Schickel quotes film critic James Agee as hoping that:
Major de Seversky and Walt Disney know what they are talking about, for I suspect that an awful lot of people who see Victory Through Air Power are going to think they do ... I had the feeling I was sold something under pretty high pressure, which I don't enjoy, and I am staggered at the ease with which such self-confidence, on matters of such importance, can be blared all over the nation, without cross-questioning.[Note 1]
On December 8, 1941, Disney studios were essentially converted into a propaganda machine for the United States government. While most World War II films were created for training purposes, films such as Victory Through Air Power were created to catch the attention of government officials and to build public morale among the U.S. and Allied powers. Among the notables who decided after seeing the film that Seversky and Disney knew what they were talking about were Winston Churchill and Franklin D. Roosevelt.
The Disney studio sent a print for them to view when they were attending the Quebec Conference. According to Leonard Maltin, "it changed FDR's way of thinking—he agreed that Seversky was right." Maltin also adds that "it was only after Roosevelt saw 'Victory Through Air Power' that our country made the commitment to long-range bombing", although that is incorrect as the Allied Combined Bomber Offensive had already begun on June 10, 1943, two months before Roosevelt saw the movie. Roosevelt recognized that film was an effective way to teach and Disney could provide Washington with high quality information. The American people were becoming united and Disney was able to inform them of the situation without presenting excessive chaos, as cartoons often do. The animation was popular among soldiers and was superior to other documentary films and written instructions at the time.
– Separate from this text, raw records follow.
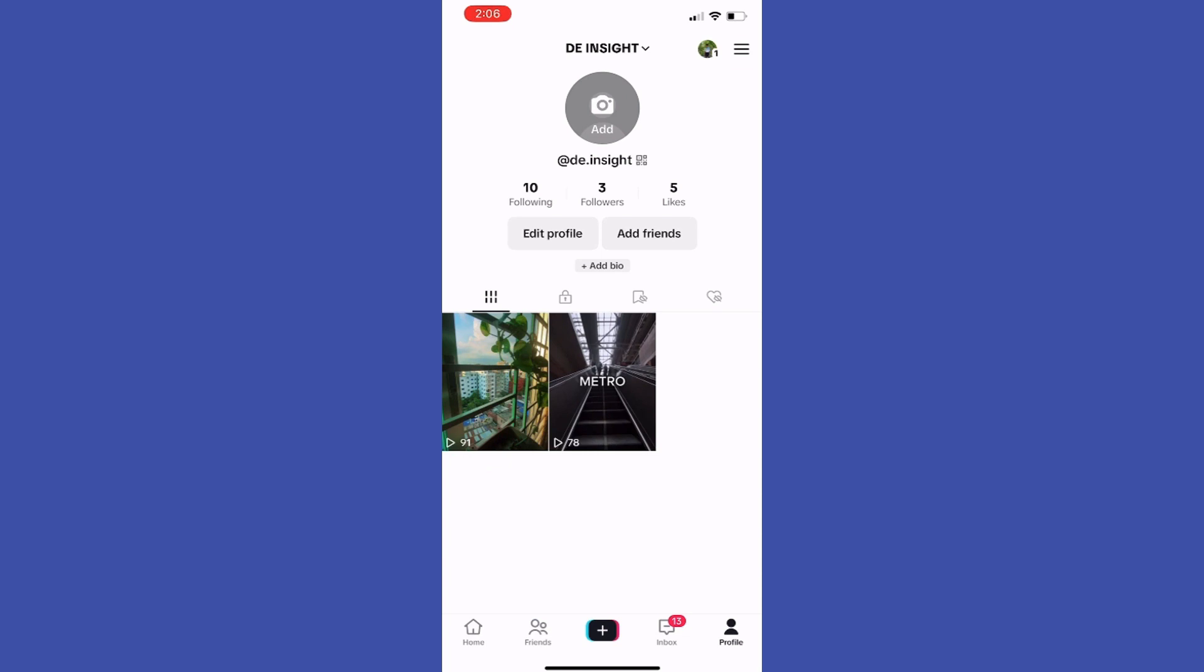So this is the way how you can change TikTok to a business account. This is the video for today, thanks for watching.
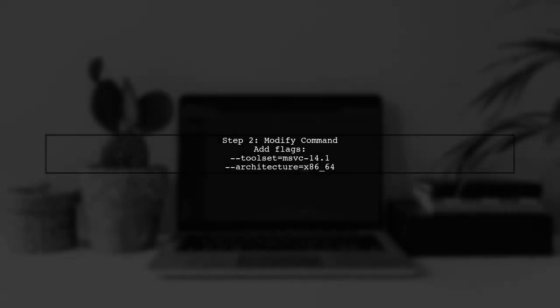The command you provided looks correct, but there are a few additional flags we need to include to ensure a 64-bit build. Specifically, we should specify the toolset and the architecture.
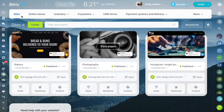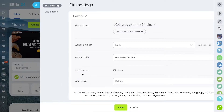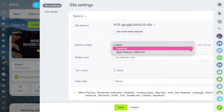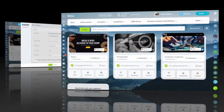You can connect widgets to your website to collect feedback, contact information, and get in touch with your customers. Open the Sites section and select the Configure Site option in the Actions menu. Select the widget you want to add and click Edit Settings to create a new one.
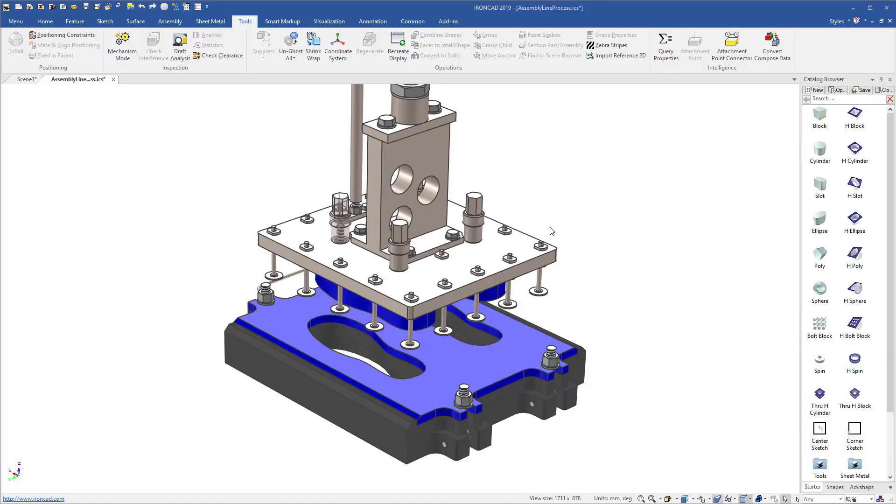In IronCAD 2019, you now have the ability to create SmartPaint catalog items that contain transparency only settings.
The film played a significant role for the Disney Corporation because it was the true beginning of educational films. The educational films would be, and still are, continually produced and used for the military, schools, and factory instruction. The company learned how to effectively communicate their ideas and efficiently produce the films while introducing the Disney characters to millions of people worldwide. Throughout the rest of the war, Disney characters effectively acted as ambassadors to the world. In addition to Victory Through Air Power, Disney produced Donald Gets Drafted, Education for Death, Der Fuehrer's Face, and various training films for the military, reusing animation from Victory Through Air Power in some of them.
One scene showed a fictional rocket bomb destroying a fortified German submarine pen. According to anecdote, this directly inspired the British to develop a real rocket bomb to attack targets that were heavily protected with thick concrete. Due to its origin, the weapon became known as the Disney bomb, and saw limited use before the war ended.[Note 2] In retrospect, some of Seversky's proposals were derided as impractical, such as operating a major long-range air bombardment campaign from the Aleutians, a series of islands reaching westward from Alaska, which is a remote area with a highly volatile climate that makes for dangerous flying conditions.
After its release and re-release in 1943 and 1944, there was no theatrical release for 60 years, perhaps because it was seen as propaganda, or perhaps because it was deemed offensive to Germans and Japanese. (It was, however, available in 16 mm prints and occasionally screened in film history retrospectives. Additionally, the introductory "history-of-aviation" scene was excerpted in various episodes of the Disney anthology series on TV). In 2004, the film was released on DVD as part of the Walt Disney Treasures collection Walt Disney on the Front Lines. After the war, Disney's characters, especially Mickey Mouse and Donald Duck, were enthusiastically received in Japan and Germany, where they remain immensely popular today.